What takes the cake is Mattoo's second belief that J&K should be allowed the exception of having its governor elected by the people instead of being appointed by the President of India as laid down in Article 155 of our Constitution. By that suggestion, our JNU intellectual assassinates with one shot the long debates in our Constituent Assembly which decided on the "appointment by President" principle for various reasons:

1. It would encourage centripetal tendencies and thus promote all-India unity.

2. In a parliamentary system the head should be impartial, but a governor elected by the direct vote of the people would have to be a party man and therefore, unlikely to be impartial.

3.Conflicts might arise between the governor and the chief minister for the former might claim to arrogate power on the plea of his having been elected by the whole state as against the latter who would be elected only in a constituency.

4. The governor being only a symbol, a figurehead, there would be no point in spending money on having him elected.

Incidentally, what a fiction writer's delight it would be if, in next year's J&K assembly election, Karan Singh or Syed Salahuddin were elected governor, and Farooq Abdullah retains his chief ministership.

Our next intellectual in the list is Praful Bidwai, professional journalist, anti-nuclear activist and anti-Hindutva warrior. In a roundabout way, so typical of committed leftists, he supports autonomy to J&K as a way to reverse the damage allegedly caused by New Delhi's repeated failure to fulfill its constitutional commitments and political promises over the last 53 years. In that signed article in The Times of India of July 29, he does not elucidate that charge but cites how Delhi had effected 42 amendments to the Constitution of J&K, no less, and some of them without legal warrant and propriety.

It is a marvel, really, the way these learned leftists like Bidwai produce fiction from fact. And the facts are that:

i. The President of India has issued 43 orders from May 14, 1954, making several Central Acts applicable to J& K

ii. 24 amendments, not 42, have been made in the J&K Constitution till April 13, 1997, and all of them have been made by the state legislative assembly, not by the Government of India and

iii. since the 43 Presidential Orders were issued as per the procedure of state government consultation/concurrence set out in Article 370, not a single one of them can be tainted as being illegal or improper.
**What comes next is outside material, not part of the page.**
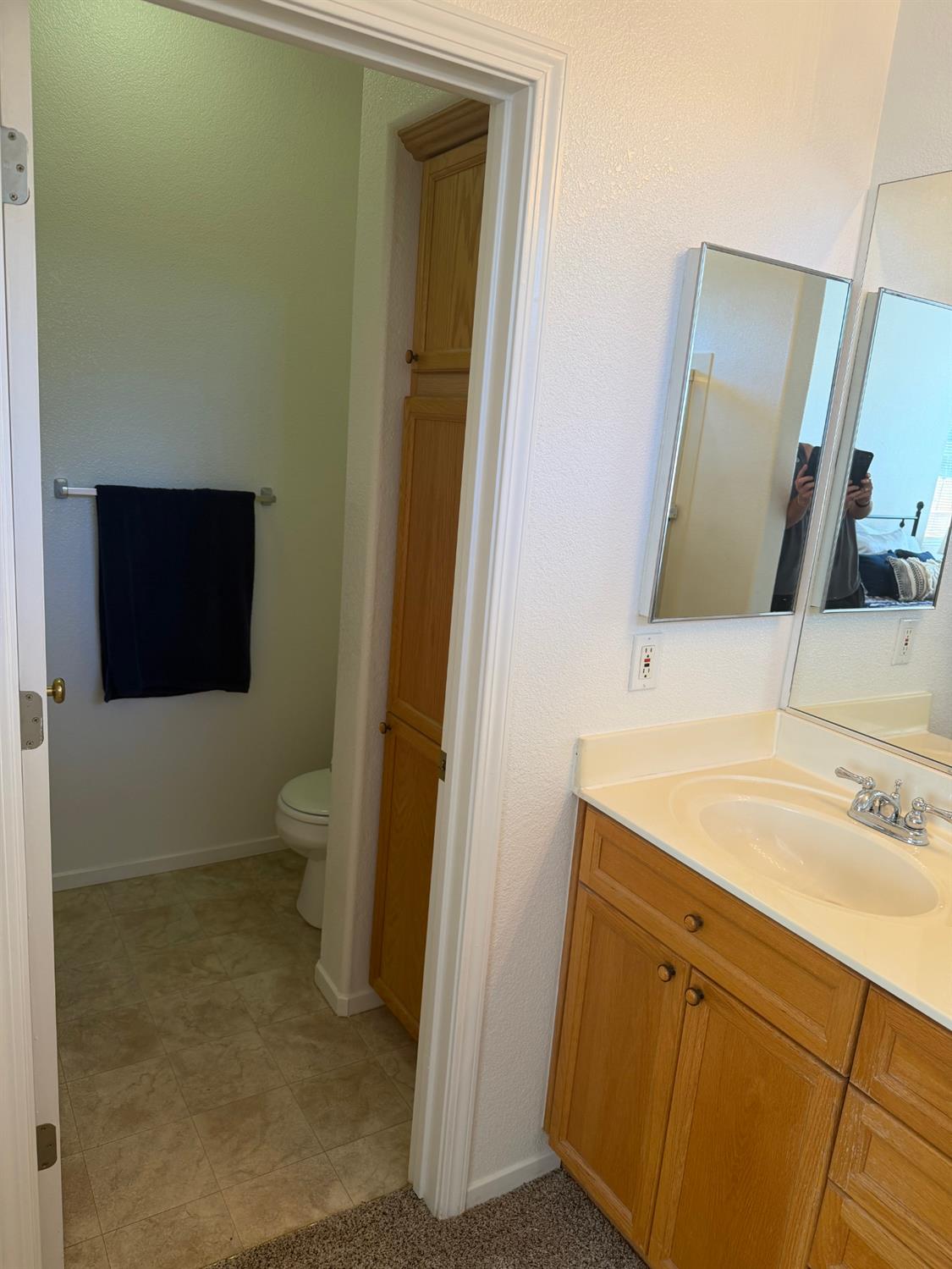 304 Peachcrest Ct, Oakdale, CA 95361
What is truly a marvel about all the shallow and superficial intellectualism we have seen in this commentary today is the unwillingness of opinion makers to open books and dig deep. The reputation of being this or that seems to be license enough to just sit at the lap top and fire away at the keyboard. And never mind even if the subject is so sensitive as J&K, the cause of so much heartburn and fighting and killings all these 53 years.
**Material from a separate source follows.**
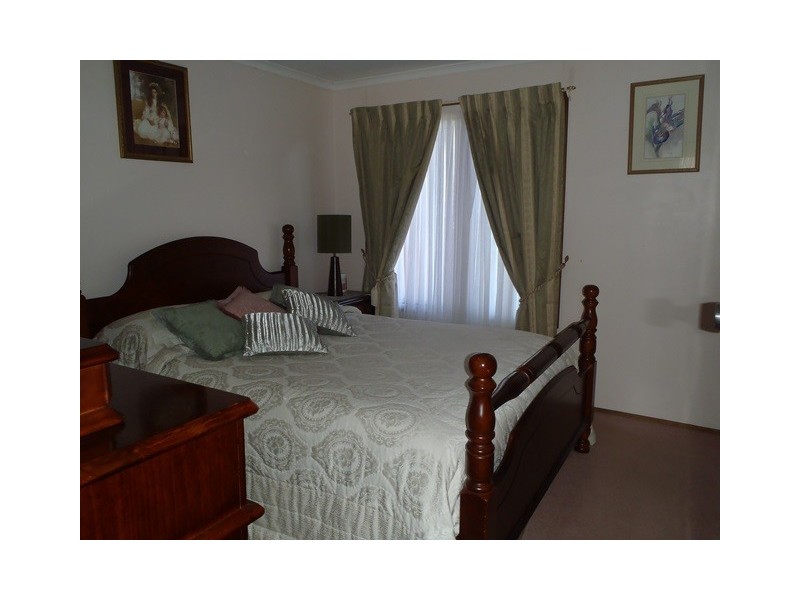 4. Strickland Street, Riverton SA 5412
The situation reminds this writer of what Sasthi Brata penned in The Spectator of London recently. He believes that some columnists continue to occupy space in prominent broadsheets because they are ex-editors, or live in the desired locations or simply because of their ability to write English in the modern idiom; others are allowed space not because of what they have to say or how they argue their point, but simply because they are on familiar terms with the editor or proprietor. It is interesting, Brata says, to speculate as to how these columnists acquire their special status.

It is also interesting to speculate why, in all the sound and fury of state autonomy, nobody is questioning why Karnataka and Tamil Nadu didn't even ask the central government's assistance in securing actor Rajkumar's release and capturing Veerappan once and for all. Or is that what state autonomy is all about?